A Florida jury convicted petitioner Timothy Hurst of first-degree murder for killing a co-worker and recommended the death penalty. The court sentenced Hurst to death, but he was granted a new sentencing hearing on appeal. At resentencing, the jury again recommended death, and the judge again found the facts necessary to sentence Hurst to death. The Florida Supreme Court affirmed, rejecting Hurst's argument that his sentence violated the Sixth Amendment in light of Ring v. Arizona, 536 U.S. 584, 122 S. Ct. 2428, 153 L. Ed. 2d 556, in which U.S. Supreme Court found unconstitutional an Arizona capital sentencing scheme that permitted a judge rather than the jury to find the facts necessary to sentence a defendant to death. Hurst challenged the decision.
Did the Florida capital sentencing scheme violate the Sixth Amendment, thereby, making Hurst’s death sentence unconstitutional?

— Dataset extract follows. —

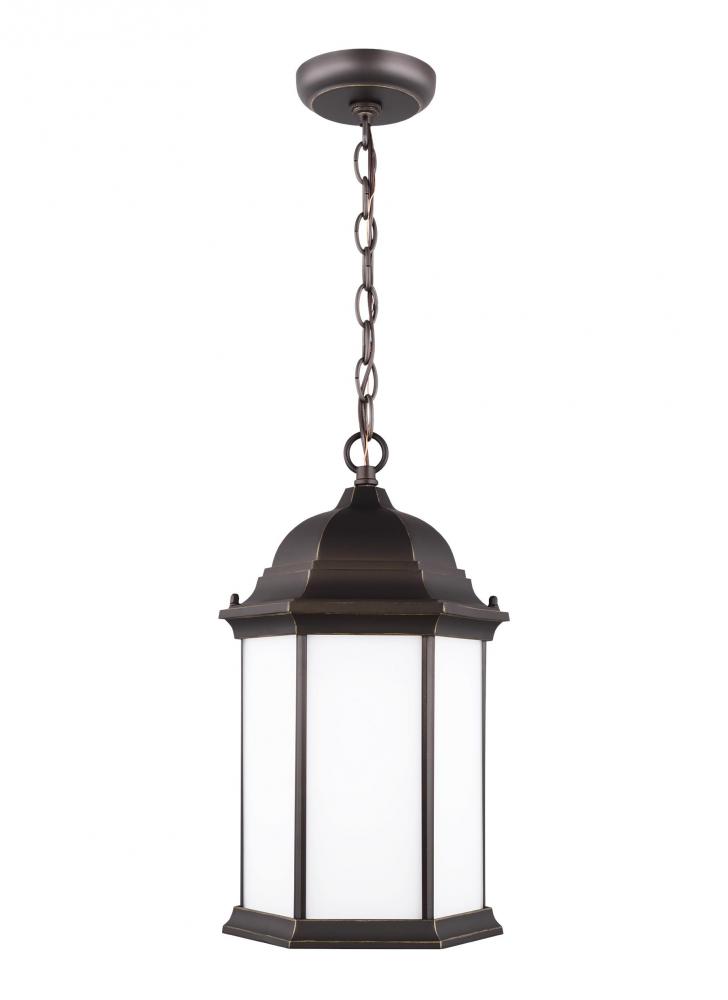 Sevier traditional 1-light outdoor exterior ceiling hanging pendant in antique bronze finish with sa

The Court held that the Florida's capital sentencing scheme violates the Sixth Amendment in light of Ring. According to the Court, any fact that would expose the defendant to a greater punishment than that authorized by the jury’s guilty verdict was an “element” that must be submitted to a jury. In the case at bar, Hurst’s death sentence violated the Sixth Amendment where the maximum punishment he could have received without any judge-made findings was life in prison without parole, a judge had increased his authorized punishment based on her own fact-finding, and the existence of an advisory jury verdict did not impact whether Fla. Stat. § 921.141(3) required a judge to make the critical findings necessary to impose the death penalty. Accordingly, the judgment of the lower court was reversed.